REQUIREMENT:
Return the entries that follow exactly, with no images.

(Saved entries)
▼

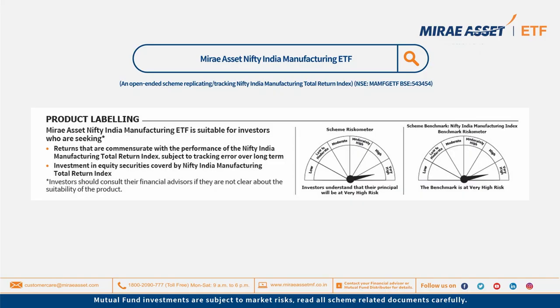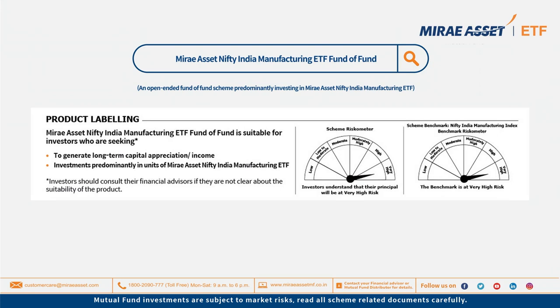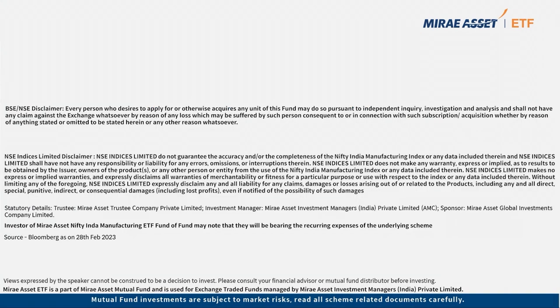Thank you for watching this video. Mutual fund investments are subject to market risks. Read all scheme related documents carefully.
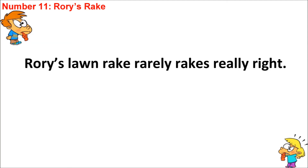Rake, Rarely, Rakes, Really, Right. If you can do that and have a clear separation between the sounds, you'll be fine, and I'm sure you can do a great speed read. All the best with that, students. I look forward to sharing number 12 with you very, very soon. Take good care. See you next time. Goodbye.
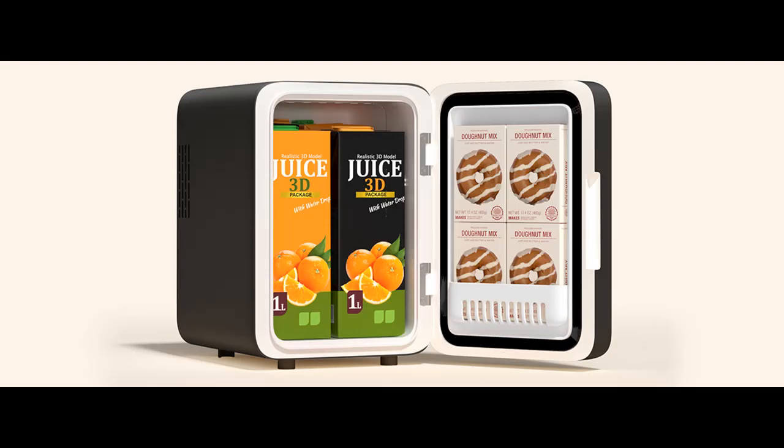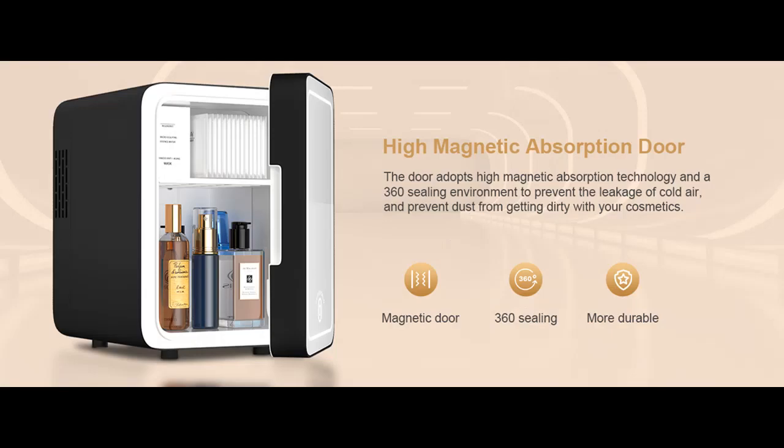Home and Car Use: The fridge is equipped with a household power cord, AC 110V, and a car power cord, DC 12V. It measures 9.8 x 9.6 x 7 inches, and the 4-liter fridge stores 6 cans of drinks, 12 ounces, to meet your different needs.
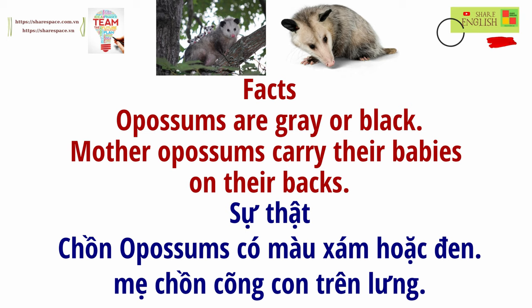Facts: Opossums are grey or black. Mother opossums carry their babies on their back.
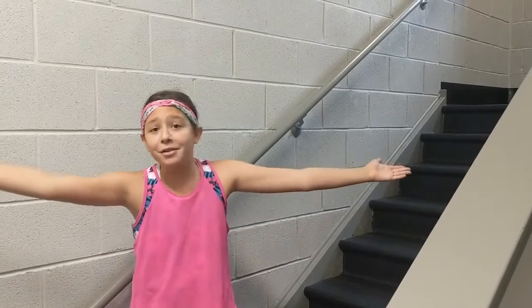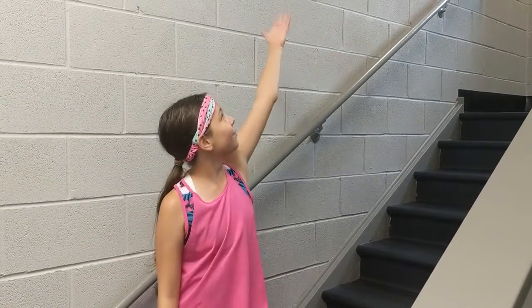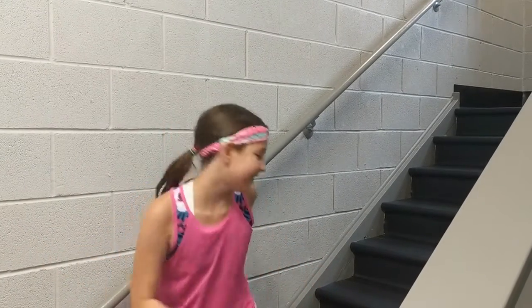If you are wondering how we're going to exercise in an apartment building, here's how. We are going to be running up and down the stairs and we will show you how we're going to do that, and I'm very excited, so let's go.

▲

RESPONSE TO THIS TASK:
Thank you for watching this video. Mutual fund investments are subject to market risks. Read all scheme related documents carefully.
Rake, Rarely, Rakes, Really, Right. If you can do that and have a clear separation between the sounds, you'll be fine, and I'm sure you can do a great speed read. All the best with that, students. I look forward to sharing number 12 with you very, very soon. Take good care. See you next time. Goodbye.
Home and Car Use: The fridge is equipped with a household power cord, AC 110V, and a car power cord, DC 12V. It measures 9.8 x 9.6 x 7 inches, and the 4-liter fridge stores 6 cans of drinks, 12 ounces, to meet your different needs.
Facts: Opossums are grey or black. Mother opossums carry their babies on their back.
If you are wondering how we're going to exercise in an apartment building, here's how. We are going to be running up and down the stairs and we will show you how we're going to do that, and I'm very excited, so let's go.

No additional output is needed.